Call option - A financial instrument that gives an investor the right, but NOT the obligation to buy at a specified price during a specified time period. A call option is what is known as a future. The person writing the call is betting that the price of the asset will be less than the option so that the holder will allow the option to lapse without purchasing the shares. In that case, he or she keeps the shares and the money they received for selling the option. However, if the price of the option is lower than the trading price of the asset at the time when the option is due, then they are obligated to sell the shares at the lower price.
Capital asset - An asset that is held by a firm for more than a year and is not bought or sold normally. Capital assets usually include property, plant, and major equipment. These items are depreciated on the firm's balance sheet.
Capital gain/loss - Profit or loss realized from the sale of securities or an asset. Capital gains are subject to taxes from Old Uncle Sam. If the asset was held for less than 12 months, it will be taxed at your income tax rate. However, assets held longer than a year are taxed a maximum rate of 20%. See your neighborhood accountant for more details.
Certificate of Deposit (CD) - No, this is not something that contains Brittney Spears' latest single . . . it's that thing that Granny gave you when you were a wee tike to pay for College (yeah right). Anyway, a Certificate of Deposit is an instrument similar to a savings account, except there are limits to when you can withdraw the money. They pay better interest rates than a savings account because the money is locked for a set period of time. These are really guaranteed return . . . you get back the principle, plus interest at the agreed date. However, don't be fooled into thinking that these are the next best thing. The returns are still low, and if they are left no deposit for too long, any gains may be wiped out by inflation.
Closed-end fund - A type of mutual fund that issues a set number of shares that are traded on a stock exchange. Unlike the more traditional open-ended funds, where the share price is directly determined by the value of the assets that fund holds, closed end funds are priced based on supply and demand. So, for the non-Econ among us, that means that if people perceive this fund to have strong assets, it will be more desirable and the price will rise. The opposite is true if they think it is crap.

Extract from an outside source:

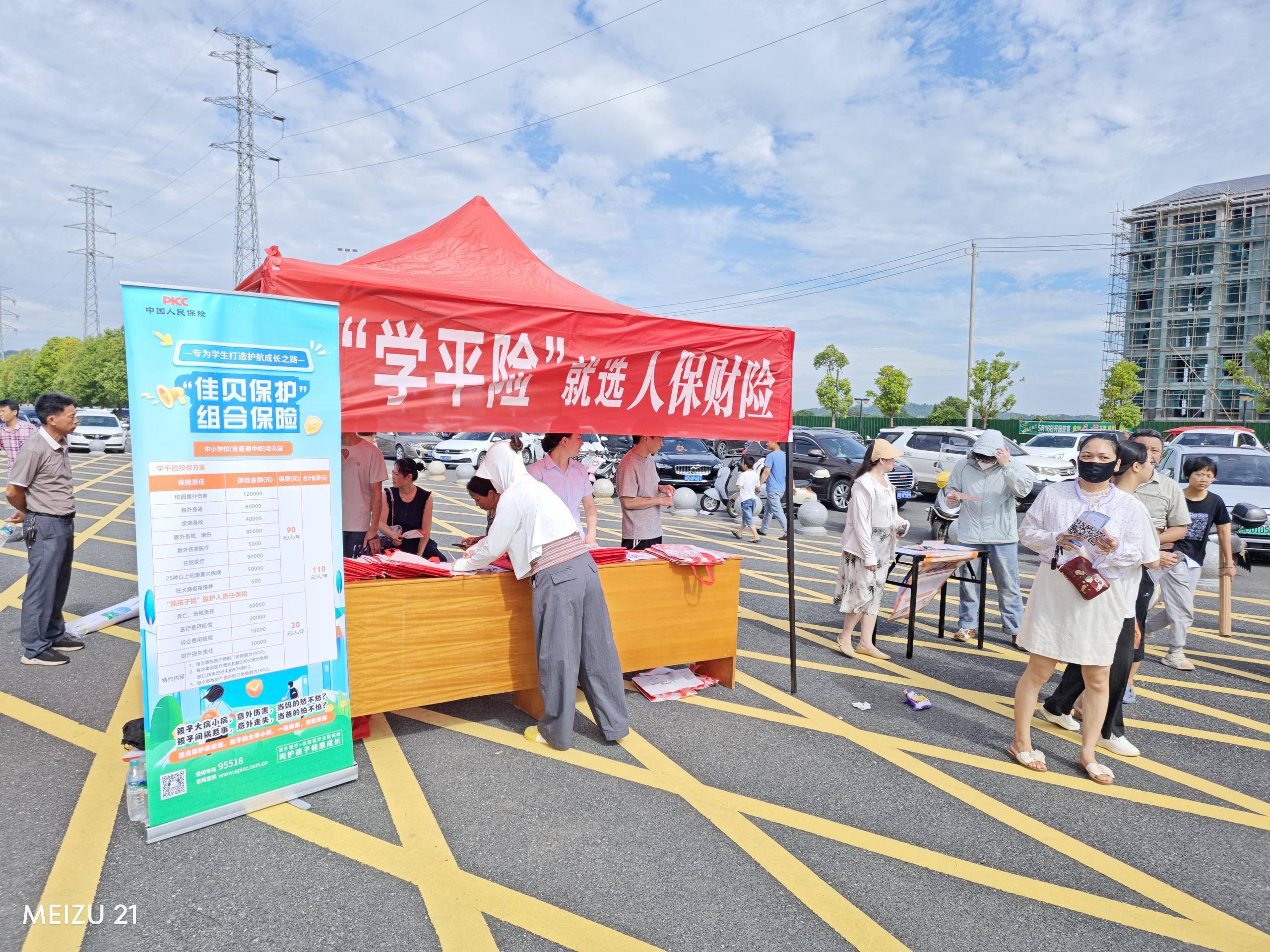 2026中国橡胶制品行业：从"规模扩张"到"质量跃迁"的战略转向_保险有温度,人保财险 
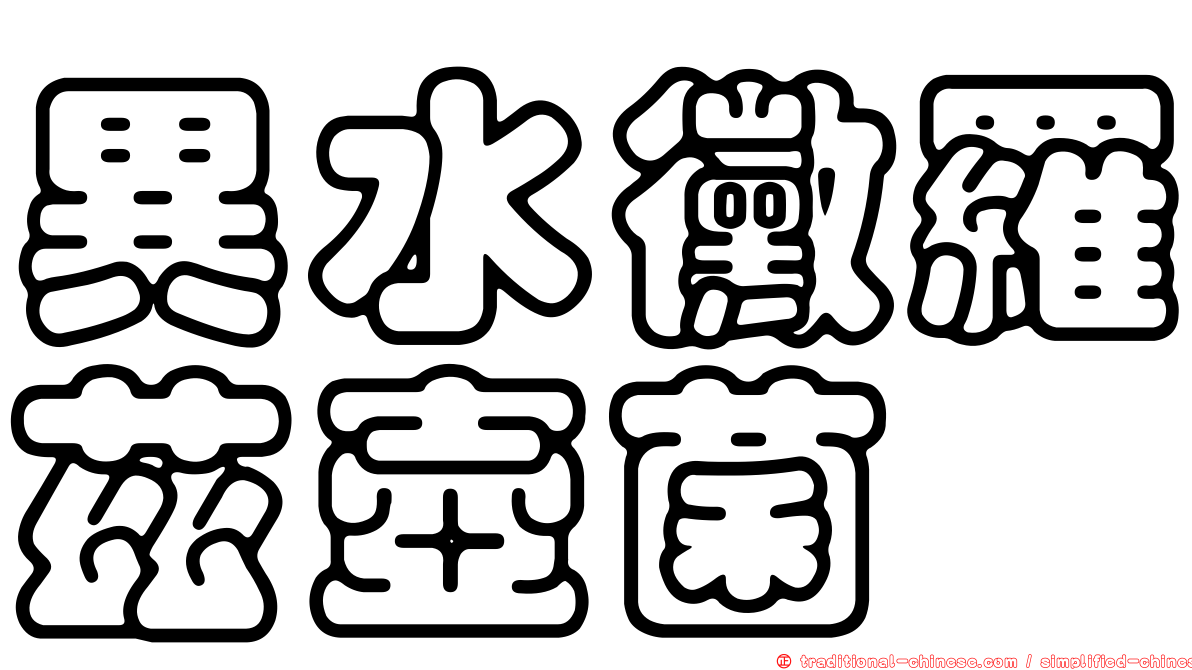異水黴羅茲壺菌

Closing price - Watch a financial network at the end of the trading day (4:00 PM Eastern) and you will see the day coming to a close. Well, the price of a stock when the market closes . . . you guessed it . . . is the closing price.
Commodities - Sell porkbellies, buy gold. Buy wheat, sell corn. These are some examples of commodities, which are sold in bulk. They are either sold on the spot market for immediate delivery (I want my hogs now dammit) or on the exchanges for future delivery. Commodities futures are a big business. A future (you'll see this again under "F") is when two parties sign a contract where one party will deliver certain items (like cotton) in the future for a price agreed upon now. One of the more famous commodities exchanges is the Mercantile Exchange in the Windy City of Chicago.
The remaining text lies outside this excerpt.